Given this limitation, this render
method is no longer necessary in PEP 501, given its recent updates.
Concatenation of template strings
As seen in the current implementation of TemplateLiteral.__add__
and TemplateLiteral.__radd__
, regular strings can be added as text to any template. As mentioned earlier, such such should be considered as source code for the target DSL. This introduces a potential injection vulnerability that can be hard to detect. Such support should be removed.

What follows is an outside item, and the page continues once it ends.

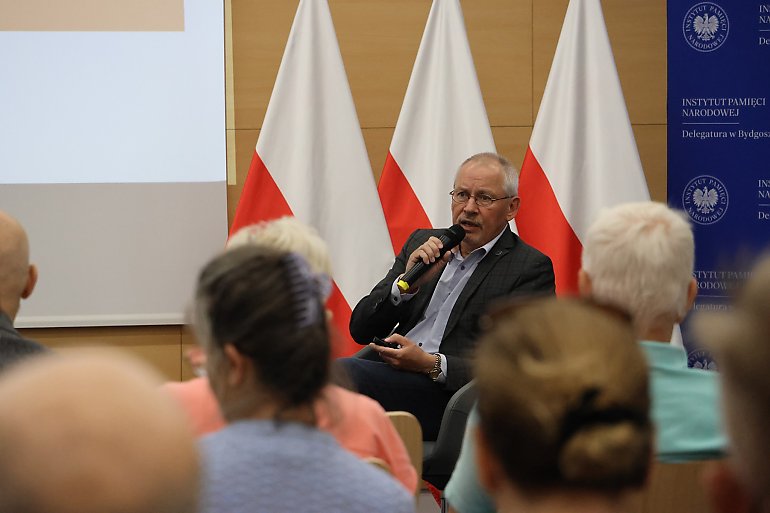 Tajemnice polskiego wywiadu w Bydgoszczy. Fascynujące spotkanie z prof. Wojciechem Skórą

In addition, arguably one should not concatenate source code at all in this way. A classic example in JavaScript is the following (run on Node) illustrates this point:
> function square(x) {
... return x * x
... }
undefined
> square(5)
25
> square + square
'function square(x) {\nreturn x * x \n}function square(x) {\nreturn x * x \n}'
One can also multiply the square
function (returns a NaN
) etc. While concatenation may suggest itself in SQL, say by adding a where clause, it can be easy to lose track of the required syntax, such as spacing. This also complicates how IDEs might provide support for typing the DSL source code, especially with respect to using +=
.
Instead, one can simply use interpolations to compose recursively the desired source code.
Therefore, I suggest removing these methods - they promote a complicated composition scheme that often does not work for DSLs. In addition, removing these methods further simplifies the proposed Python equivalents of C code for PEP 501 by removing the need for a complicated merging process.

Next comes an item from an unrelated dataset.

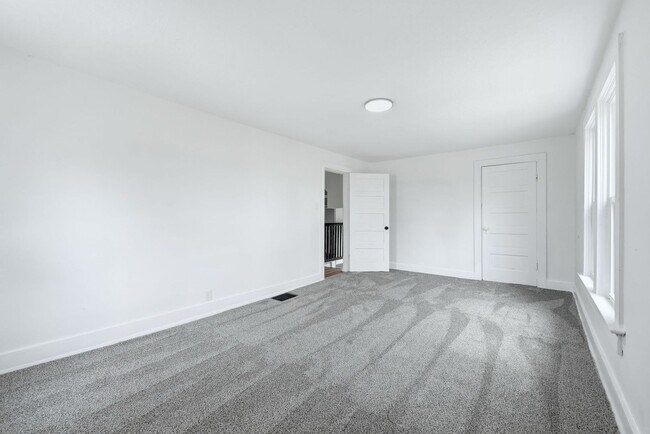 Building Photo - Charming 3BR with Garage & Updates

TemplateLiteral.__format__
injection attack
In order to support the near equivalence of format(t'...')
and f'...'
, a __format__
method is provided. However, this is also a potential vector for an injection attack as follows:
- Suppose that there is some variable
x
bound to a user-provided malicious value, eg ; drop student_tables;
or cat /etc/passwd
(complexified as necessary to get through).
- Further suppose that
y
is t'...{x}...
and y
is used in some function that provides HTML, SQL, etc, but without a template function, but instead uses the default __format__
. One example that might slip through, but of course we can complexify as necessary: vulnerable_function(f'{y}')
.
- Bang.
This method should therefore be removed. Templates should support repr
output, and possibly some sort of pretty printing. But we cannot use the default Template.render
which uses f-string formatting, namely the default callback for render_text
of str
.
!!custom
rendering
Such support is redundant. Simply do t'{custom(...)}'
. A similar observation is seen in PEP 498, but it decided to accept existing conversion support, much like PEP 750. However, we do not need to extend this further with this proposed change. See PEP 498 – Literal String Interpolation | peps.python.org
In addition, the relaxation of the parser support does allow for arbitrary composition of !!custom
with !r
, but it makes it difficult to follow. In addition, prolific use of conversion specifiers such as !()!custom!r
may make it difficult to read (“line noise”).
!()
lazy evaluation support
As mentioned earlier with respect to removing deferred evaluation of interpolations for PEP 750, this is not necessary. One can simply wrap the interpolation in a number of ways, including through frameworks. A prominent example is Django’s QuerySet
, which is lazy. Such support also can enjoy static type analysis.
In addition, PEP 750 provided additional analysis, thanks to the review from Jelle Zijlstra and reference implementation work by Dave Peck, to support annotation scope. !()
would presumably need this similar support for any class variables that use t-strings.